• [WHAT IS NEEDED]:
Skip the pictures and write out, word for word, the lines below from the one with "Midatlanticsymphony.org" through the one with "Page 42 Chapter 4 Blood-Stained Rock", inclusive.

*** Opening of MATERIAL SUPPLIED ***

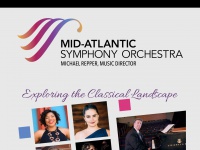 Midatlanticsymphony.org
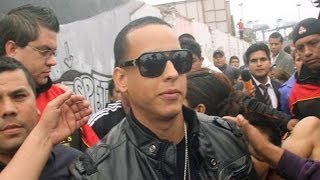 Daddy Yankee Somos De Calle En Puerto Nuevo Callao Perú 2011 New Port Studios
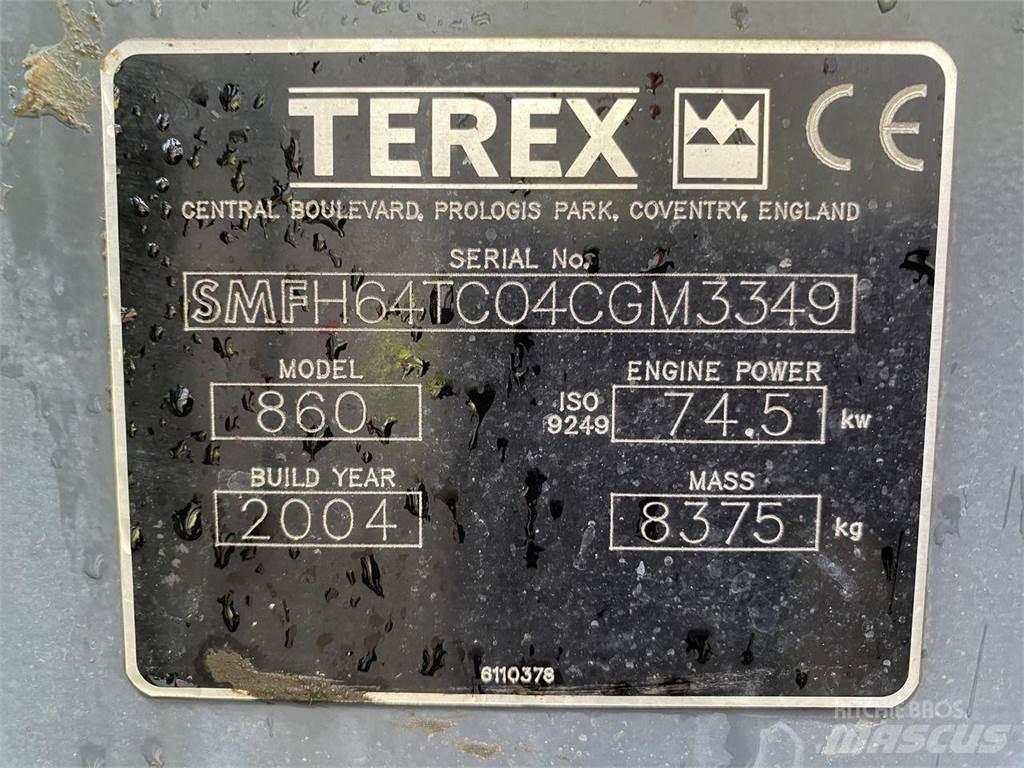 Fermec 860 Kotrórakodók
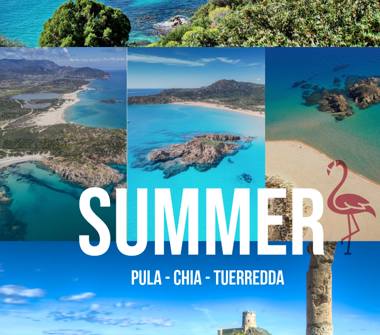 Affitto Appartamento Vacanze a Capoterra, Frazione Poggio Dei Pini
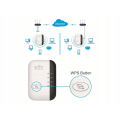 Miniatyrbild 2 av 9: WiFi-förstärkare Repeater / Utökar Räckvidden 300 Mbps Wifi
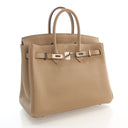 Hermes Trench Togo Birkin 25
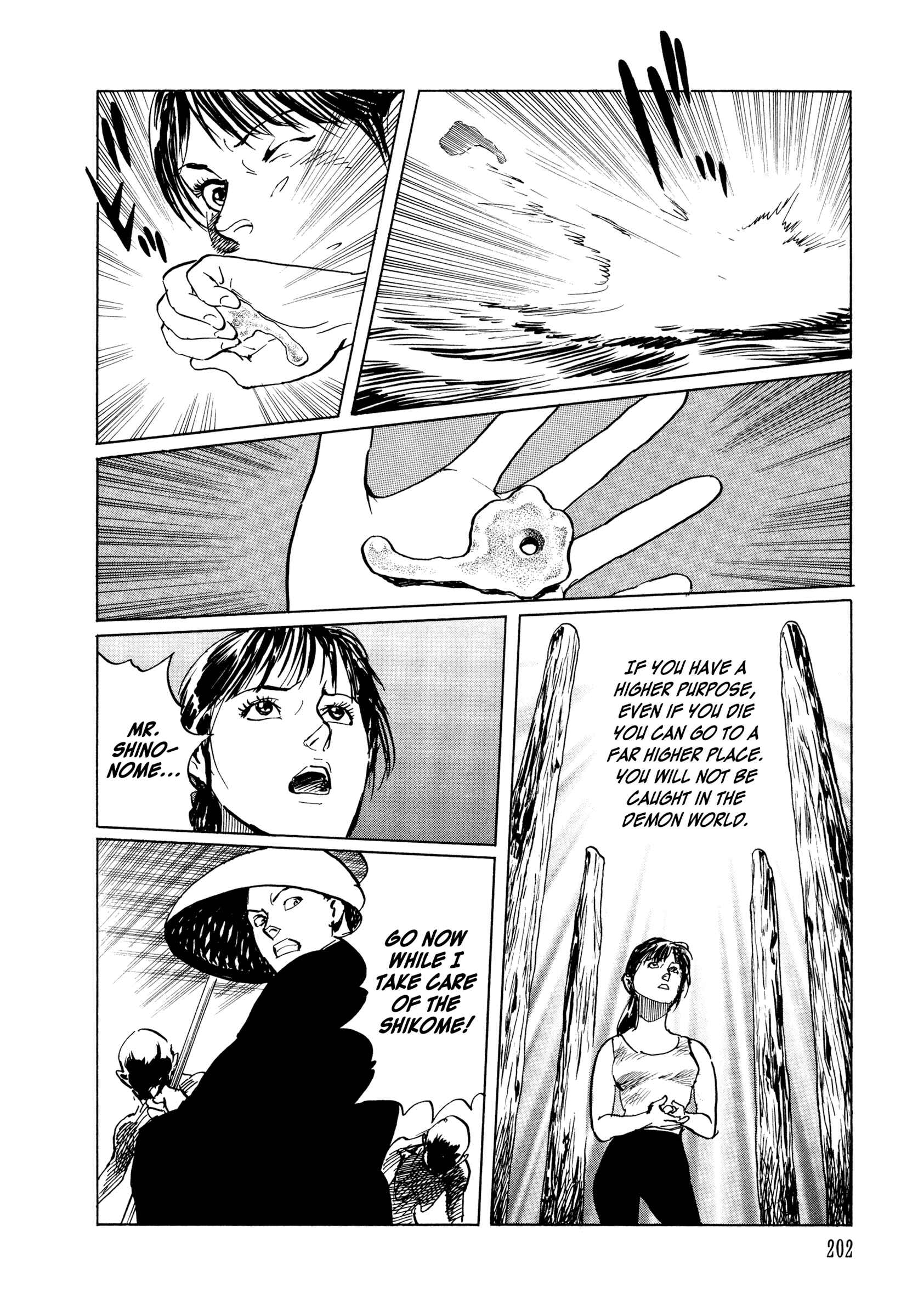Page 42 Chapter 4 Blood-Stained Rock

*** Close of MATERIAL SUPPLIED ***
*** Opening of MATERIAL SUPPLIED ***

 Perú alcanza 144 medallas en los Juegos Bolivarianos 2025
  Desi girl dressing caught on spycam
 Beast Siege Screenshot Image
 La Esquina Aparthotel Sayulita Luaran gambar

*** Close of MATERIAL SUPPLIED ***

• [RESULT OF THE EXERCISE]:
 Midatlanticsymphony.org
 Daddy Yankee Somos De Calle En Puerto Nuevo Callao Perú 2011 New Port Studios
 Fermec 860 Kotrórakodók
 Affitto Appartamento Vacanze a Capoterra, Frazione Poggio Dei Pini
 Miniatyrbild 2 av 9: WiFi-förstärkare Repeater / Utökar Räckvidden 300 Mbps Wifi
 Hermes Trench Togo Birkin 25
Page 42 Chapter 4 Blood-Stained Rock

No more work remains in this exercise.